Wednesday, October 26, 2016

Twilight's Last Gleaming - 1977 - Aldrich



Robert Aldrich is certainly a Hollywood director worthy of a second look. Among the diverse types of films he directed were: Vera Cruz, Kiss Me Deadly, Attack!, Whatever Happened to Baby Jane?, The Dirty Dozen and Ulzana's Raid.

Toward the end of his career, in 1977, he directed Twilight's Last Gleaming.

This is a film in which a renegade Air Force general takes over a missile silo complex and threatens to launch 9 nuclear missiles at Russia unless the President of the US makes a secret document concerning the origins of the Vietnam War known to the American people.

What's amazing to me is that people believed, in 1977, that a disclosure of information to the American people might change anything. Indeed, information has been disclosed about the origins of the Vietnam War and barely a ripple was ever made due to it. Wikileaks has disclosed damning information about a major political candidate, and she will probably become the next president.

Lesson to be learned: information disclosure, in itself, changes nothing.

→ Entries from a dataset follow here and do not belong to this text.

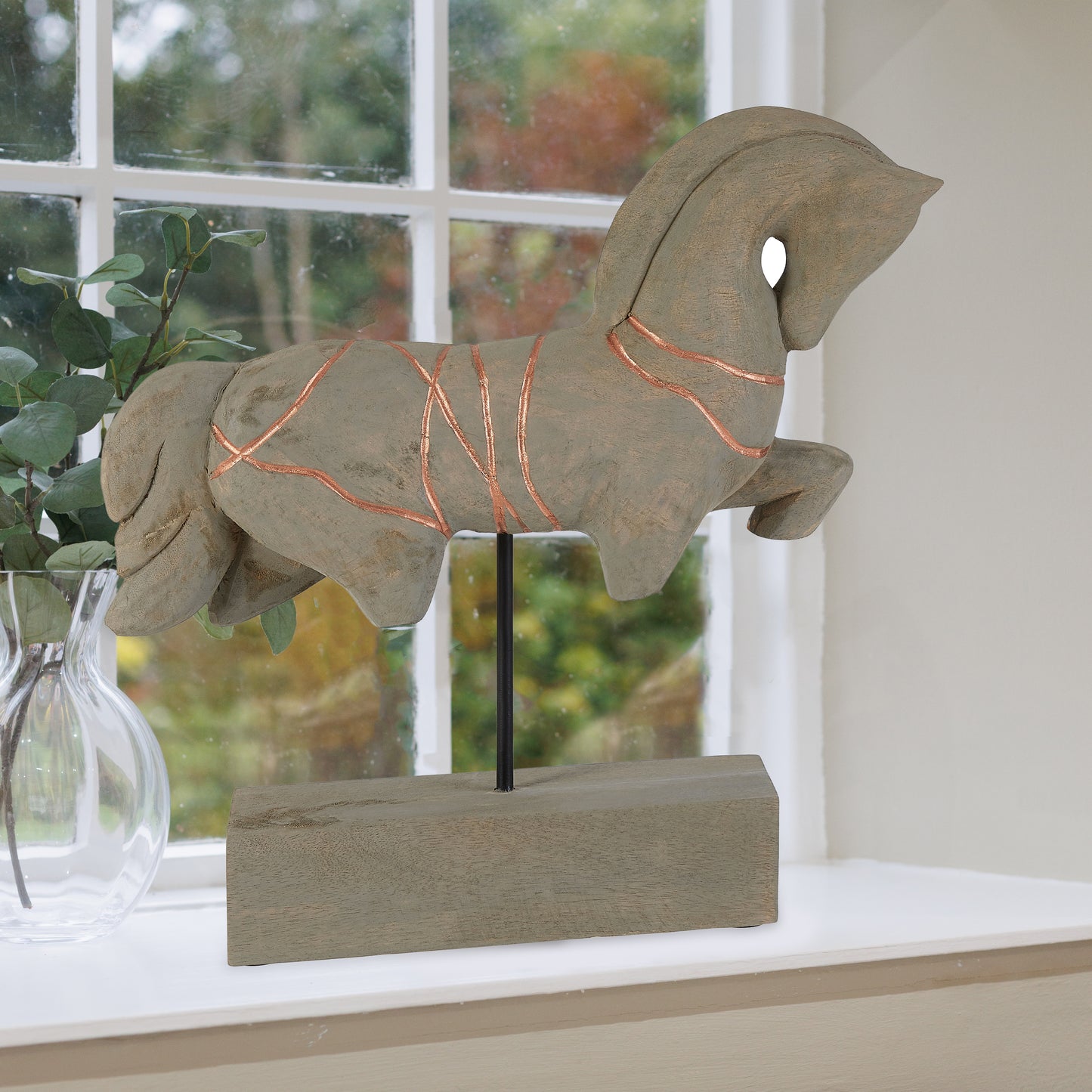 Vena Horse Sculpture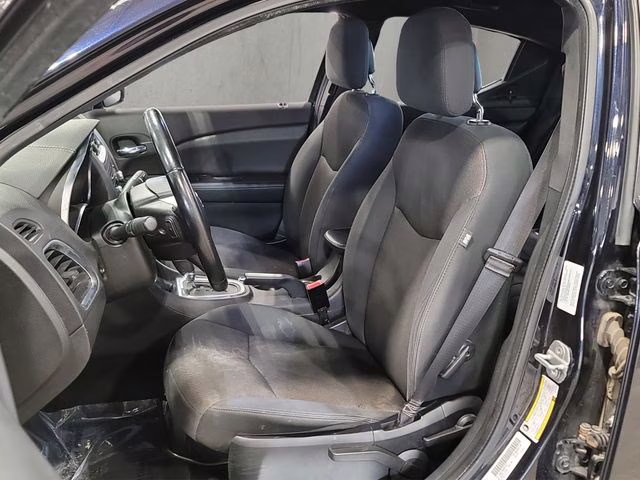 2011 Blackberry Pearlcoat Dodge Avenger Mainstreet FWD Sedan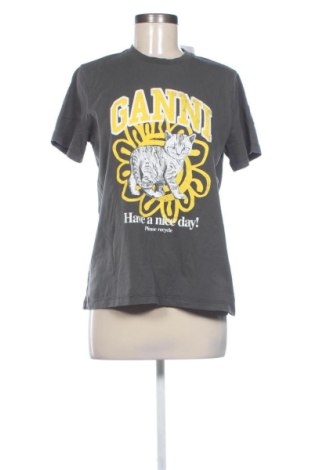 Tricou de femei Ganni, Mărime M, Culoare Gri, Preț 167,97 Lei, #137742949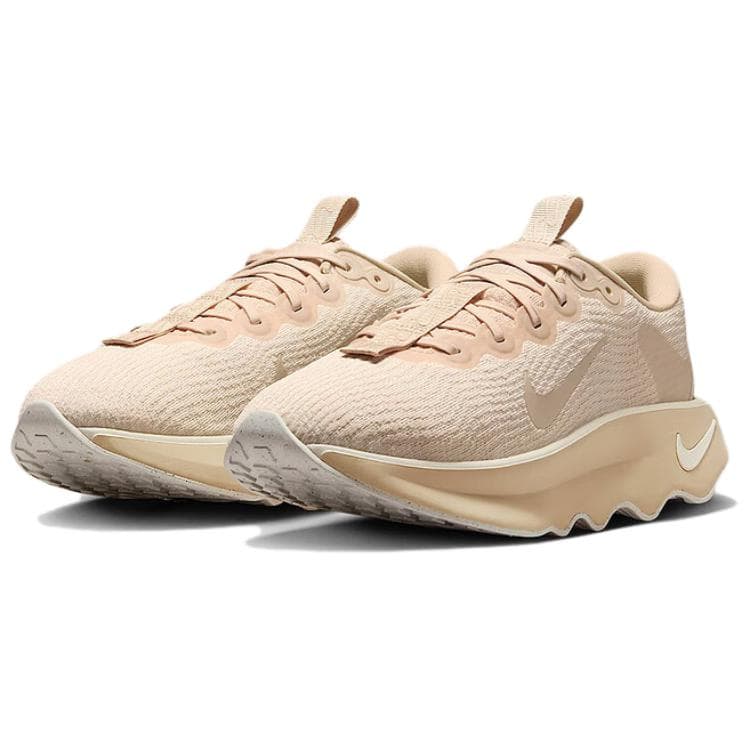 Кроссовки Nike Motiva Аbrasion Resistant Низкие Кроссовки для Ходьбы Женские Экрю - изображение 2
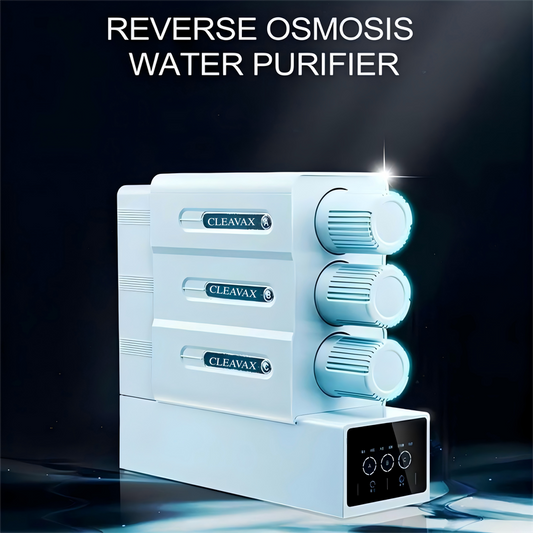 Under Sink Reverse Osmosis (RO) Water Filtration System with PP, Activated Carbon, and RO Membrane, Dual Outlet with 3.2-Gallon Tank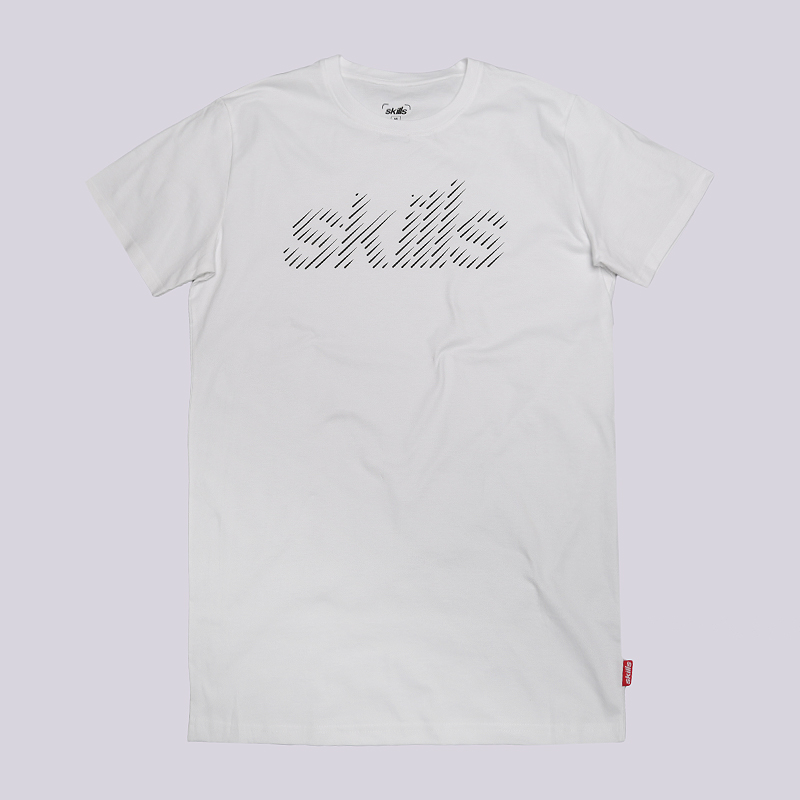 мужская белая футболка Skills Rain Rain-white - цена, описание, фото 1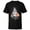 Black, variant on Disney Princess Sparkle Squad Winter Holiday Castle - Short Sleeve T-Shirt for Kids - Customized-Royal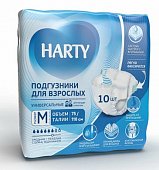 Купить харти (harty) подгузники для взрослых мedium р.м, 10шт в Ваде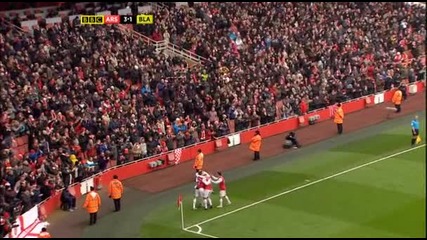 Arsenal 7-1 Blackburn (4.02.2012) Motd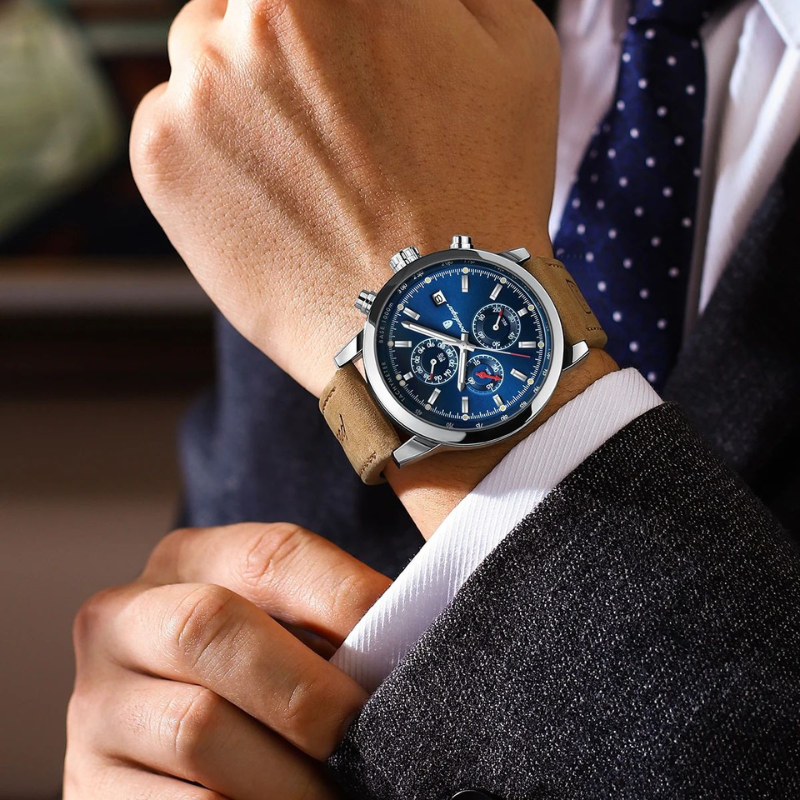 van Baerle® - Trendiges Luxus-Herrenarmbanduhr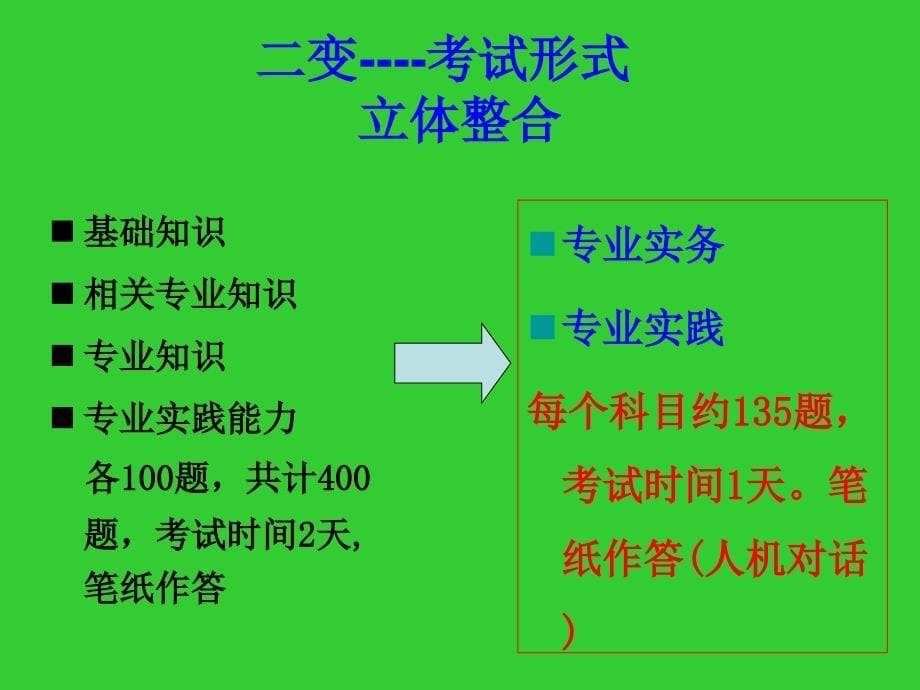 新大纲后的护士资格证考试_第5页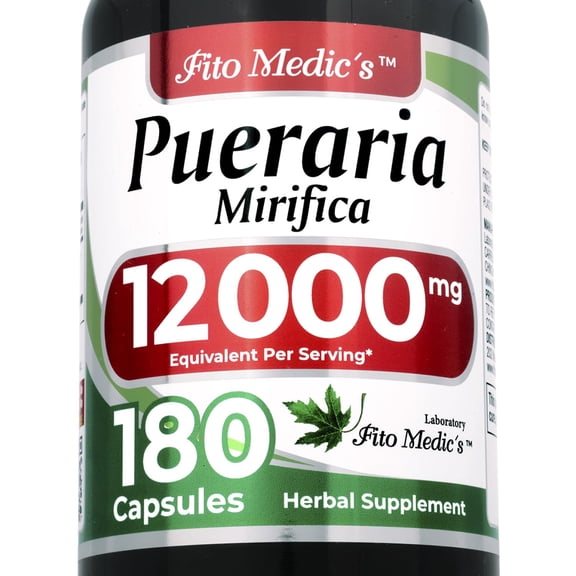 Pueraria mirifica | 180 Capsules | Pueraria mirifica Capsules
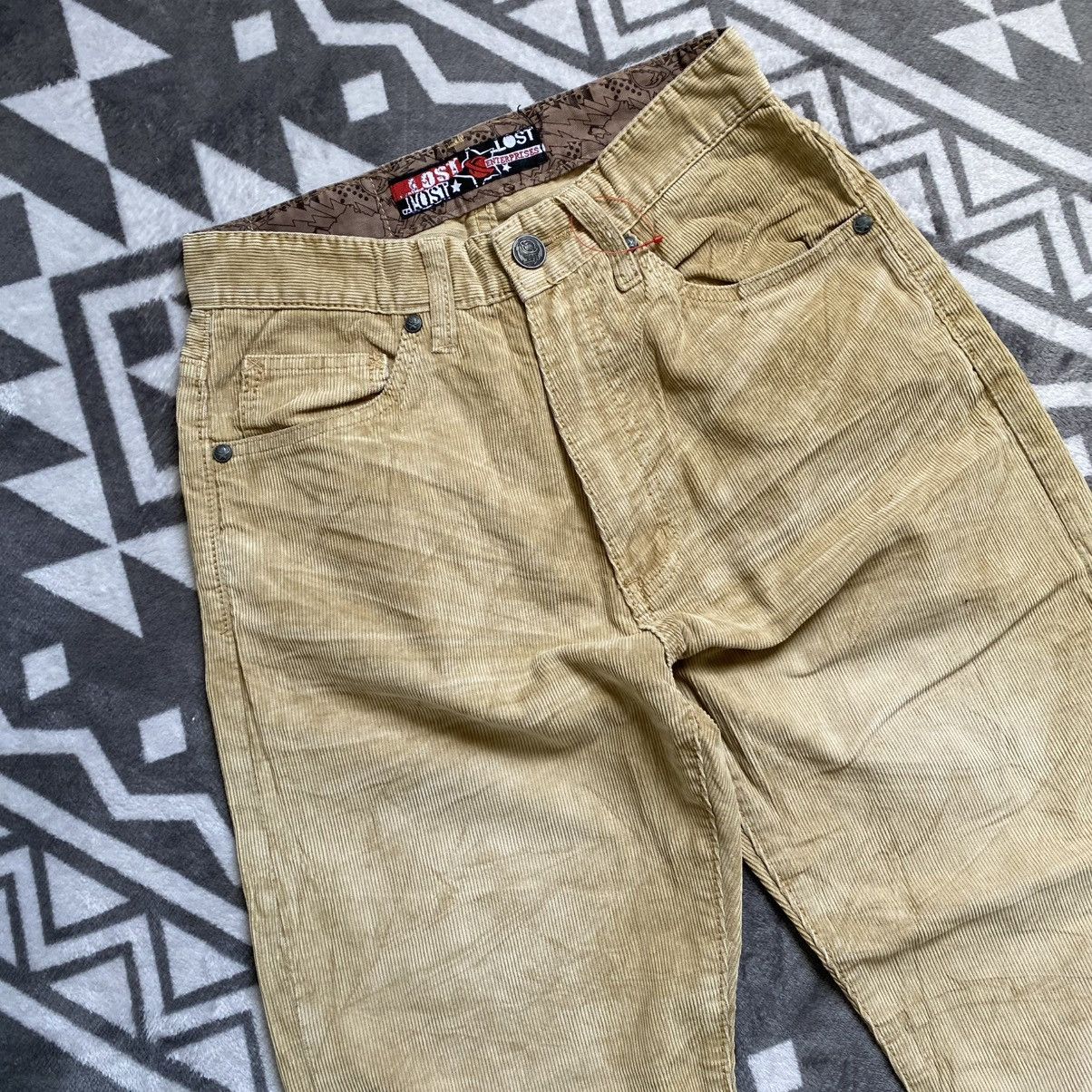 Lost Enterprises Lost Enterprises y2k corduroi pants Size US 28 / EU 44 - 4 Thumbnail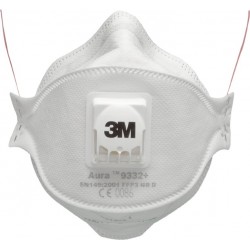 MASCARILLA 9332+ FFP3 NR D...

It is now part of the historical record that Lyndon Baines Johnson used a minor skirmish in the Gulf of Tonkin as a pretext to begin a major war against a technologically under-developed country of Buddhist farmers, in which over 50,000 Americans were killed as well as over 2 million Vietnamese (and other SE Asians).

So not only did/do Americans know of this, but Americans knew about Agent Orange and napalm as well as the Mai Lai Massacre. After photos of that massacre were released, over 50% of Americans still supported the war and objected to the prosecution of an officer involved in the killing of innocent Vietnamese civilians.

If the president, in this film, had disclosed the secret documents at the end of this film, America would have greeted these materials with a vast, collective yawn.

The very ending seemed the most interesting to me in which characters begin to speculate that there is a source of power even greater than the US President and that the president is considered expendable to this source of power. I am not convinced there is one organized source, but there certainly are enough folks with shared interests to sway things if they want to.

An adventure/thriller worth watching from the ever thoughtful perspective of Robert Aldrich.